President Obama does not believe that sending substantially more U.S. troops to fight the Islamic State in the Middle East is the "answer" to disabling the terror group, a senior official said Sunday.
The New York Times reported:
Senior administration officials said Mr. Obama is looking to do more of what he has already been doing and to do it better. The possibilities, they said, include more airstrikes, Special Operations raids, assistance to local allies and attacks against Islamic State targets outside Syria and Iraq, like the strike in Libya over the weekend. "We don’t believe U.S. troops are the answer to the problem," Benjamin J. Rhodes, the president’s deputy national security adviser, told reporters on Sunday at the Group of 20 meetings here in Turkey, where Mr. Obama consulted with other world leaders. "The further introduction of U.S. troops to fully re-engage in ground combat in the Middle East is not the way to deal with this challenge."

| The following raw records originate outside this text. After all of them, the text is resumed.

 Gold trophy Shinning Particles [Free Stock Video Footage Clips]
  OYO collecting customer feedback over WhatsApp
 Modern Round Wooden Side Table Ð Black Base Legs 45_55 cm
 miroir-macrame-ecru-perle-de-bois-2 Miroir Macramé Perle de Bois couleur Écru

World leaders gathered at the G-20 summit in Turkey just days after coordinated gun attacks and suicide bombings in Paris killed at least 129 people and wounded upwards of 350. France launched airstrikes on Islamic State targets in the terror group’s stronghold in Raqqa, Syria, Sunday after the group claimed responsibility for the attacks.

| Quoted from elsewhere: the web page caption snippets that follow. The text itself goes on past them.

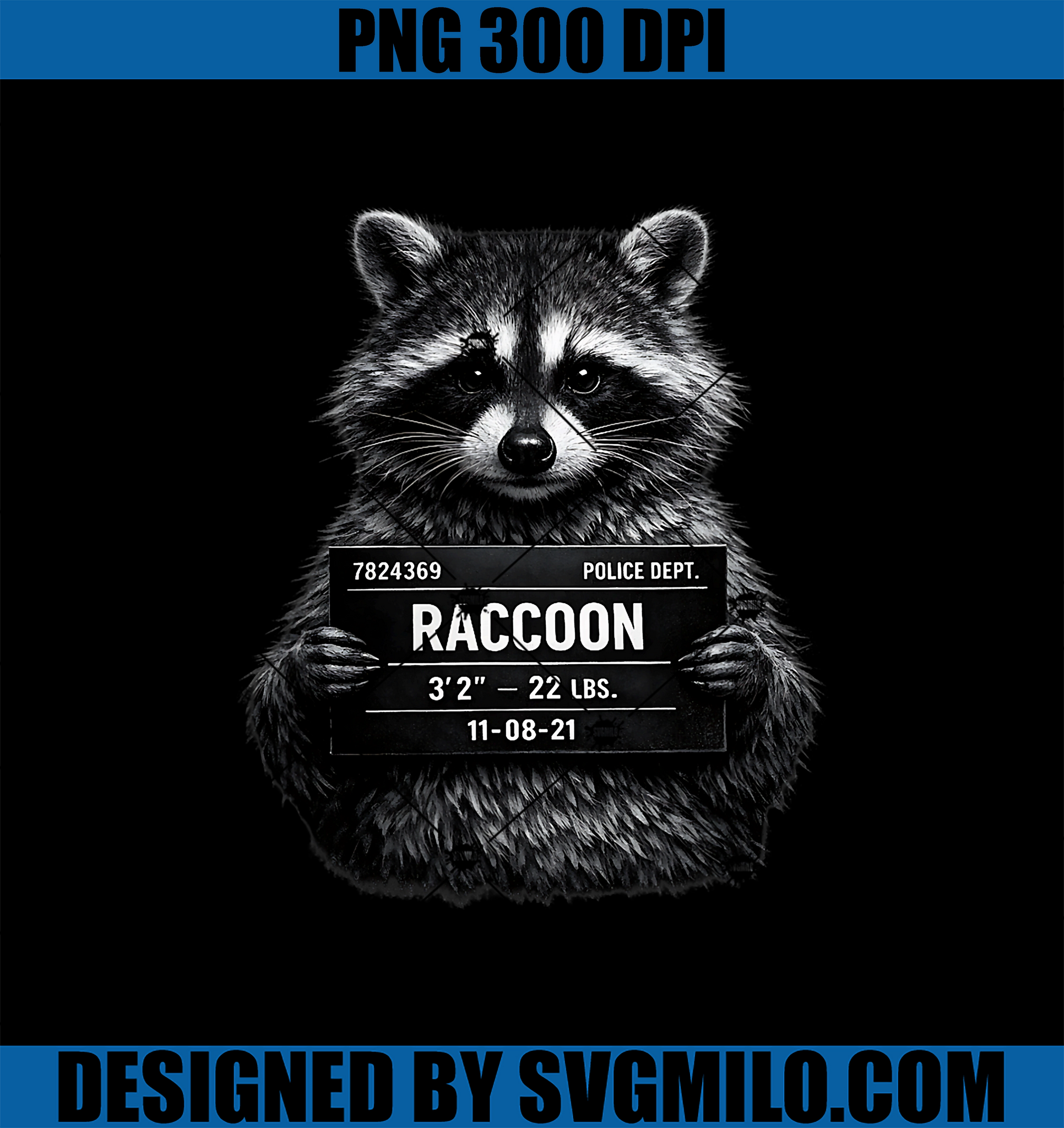 Funny Raccoon PNG, Mugshot Police Dept Arrested Animal Meme PNG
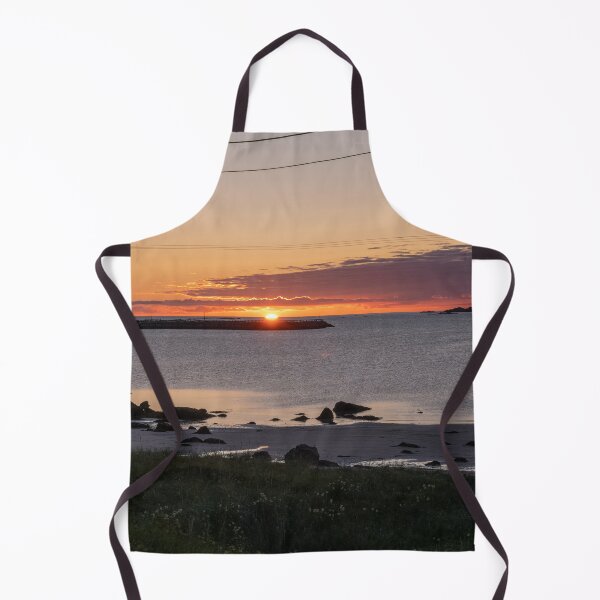 Item preview, Wonderful landscapes in Norway. Nordland. Beautiful scenery of a sunset with midnight sun on the sea on the Lofoten Islands. Summer sunny day designed and sold by Maurizio Fabbroni.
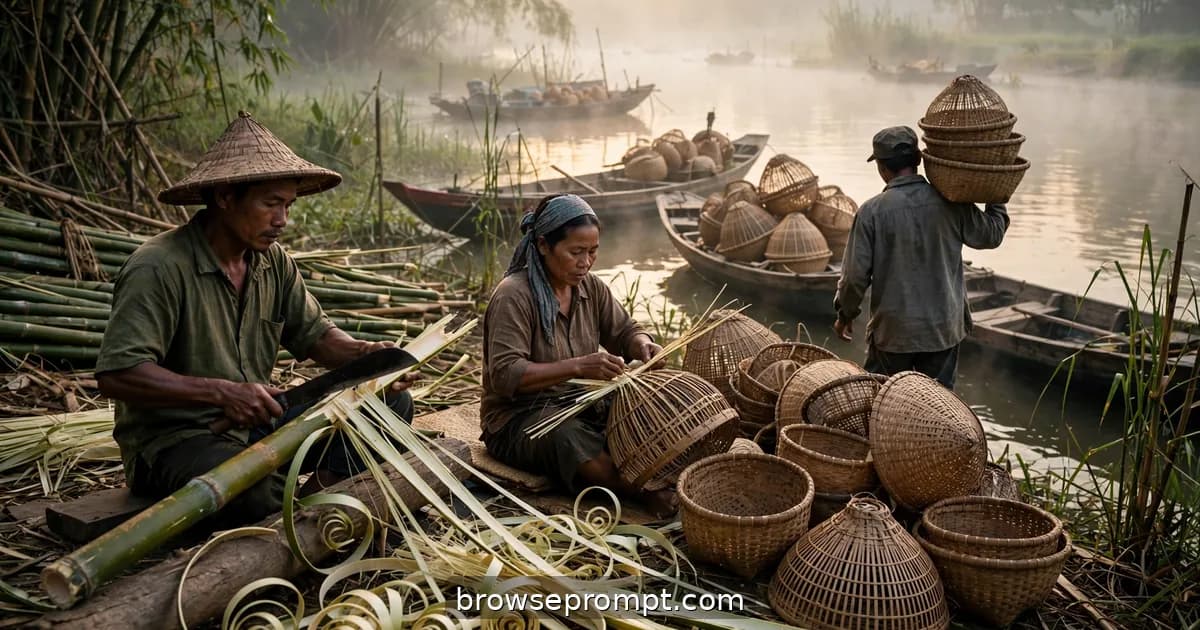 Weavers split bamboo into curling ribbons at dawn in a river delta, finished baskets stacked by the boats.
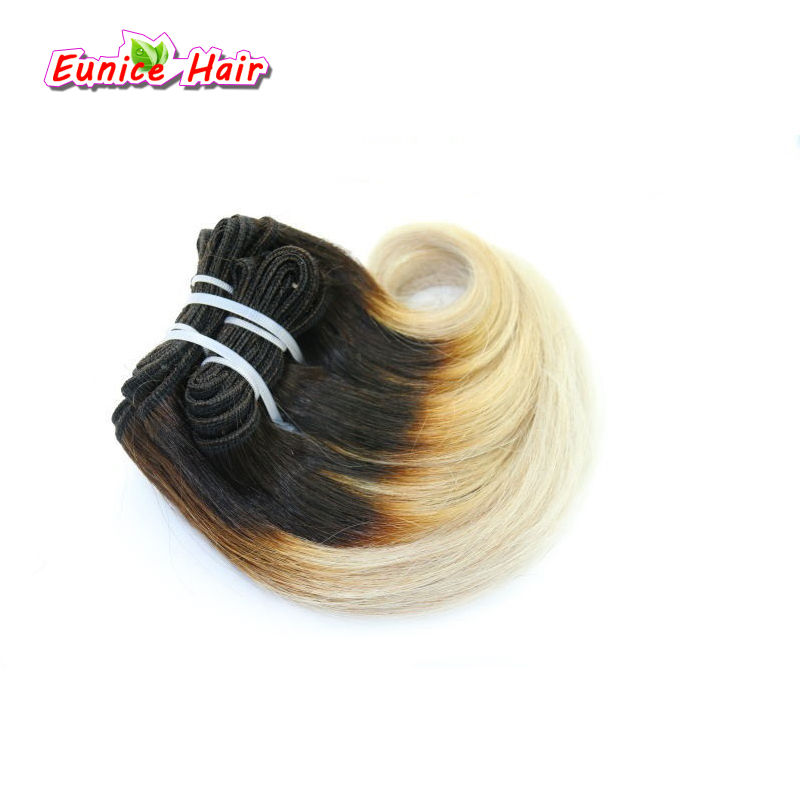 Thumbnail: Ombre Hair piece #1B/Blue 8inch Brazilian Body Wave Hair Short Weave Hair Weft B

White House officials also said at the summit that Obama agreed with French President François Hollande in his characterization of the Paris attacks as "an act of war."
In the wake of the Paris attacks, Obama has directed U.S. intelligence agencies to change their assessment of IS. One day before the shootings and bombings in France, Obama said that IS had been contained to Iraq and Syria.

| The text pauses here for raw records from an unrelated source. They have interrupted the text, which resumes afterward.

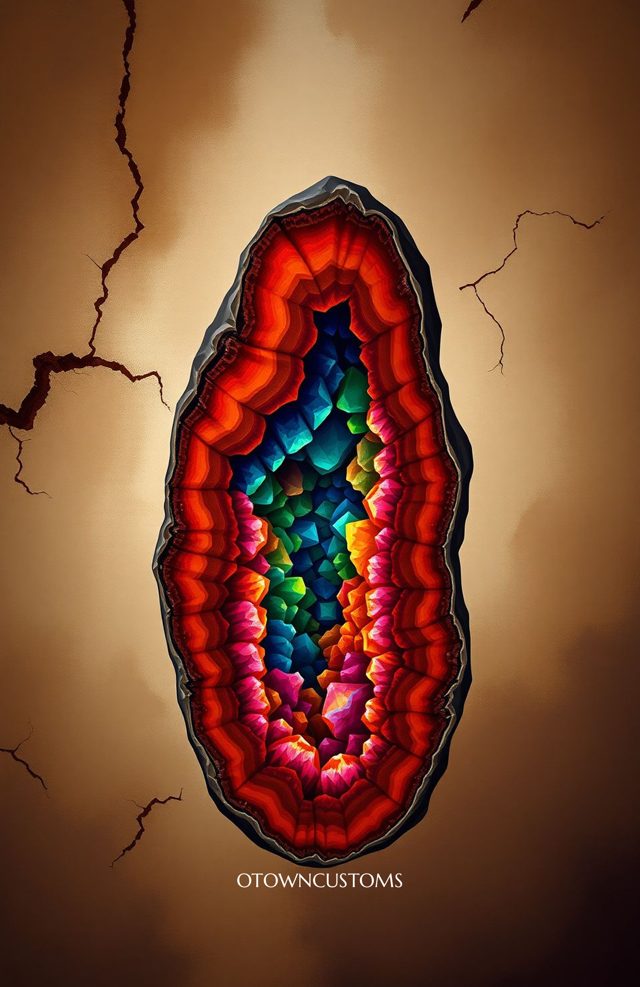 Geode Crystal Rainbow Layered Rock
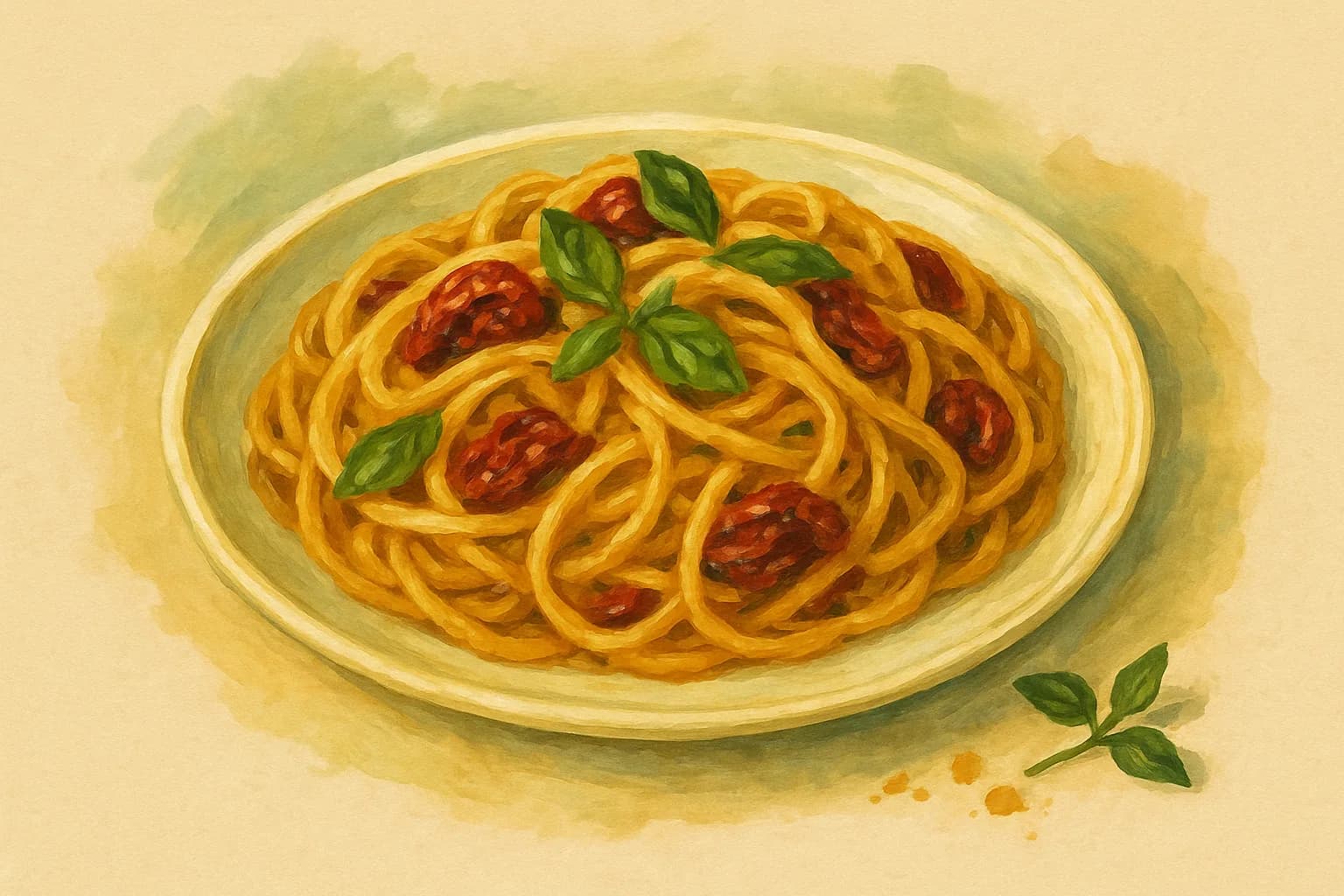 Lawrence Basil/Sundried Tomato Pasta — illustration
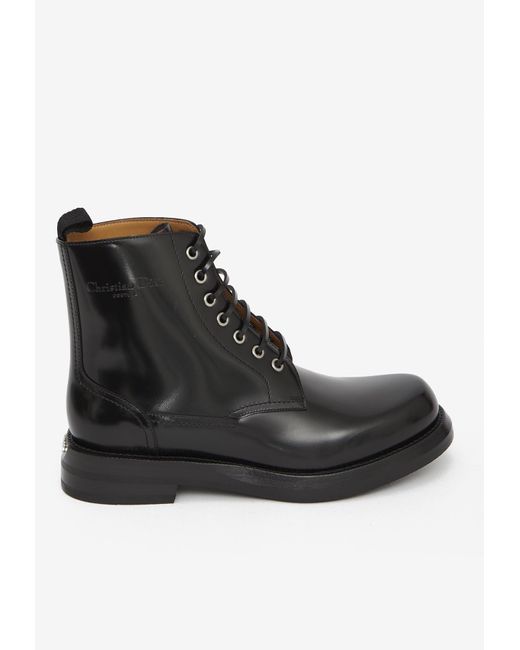 Dior Black Carlo Lace-up Leather Boots for men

"What is true is that from the start our goal has been first to contain, and we have contained them," the president told ABC on Thursday. "You don’t see this systematic march by [Islamic State] across the terrain."
"This was a game changer," an anonymous senior intelligence official stated after the Paris attacks. "We have to look hard at what happened in Paris, at the trajectory of the group and the potential threat it poses to the entire international community."
"This clearly shows ISIS is looking at an international level and is capable of carrying out large-scale attacks outside Iraq and Syria," the official continued. "There will be a greater sense of urgency in how we go about trying to combat these kinds of attacks. Paris shows that they can attack soft targets on any day, anywhere, including in any major American city."
On Monday, the Islamic State released a video, which has yet to be officially verified, that threatens attacks on other countries taking part in airstrikes in Syria, including the United States and specifically its capital, Washington, D.C.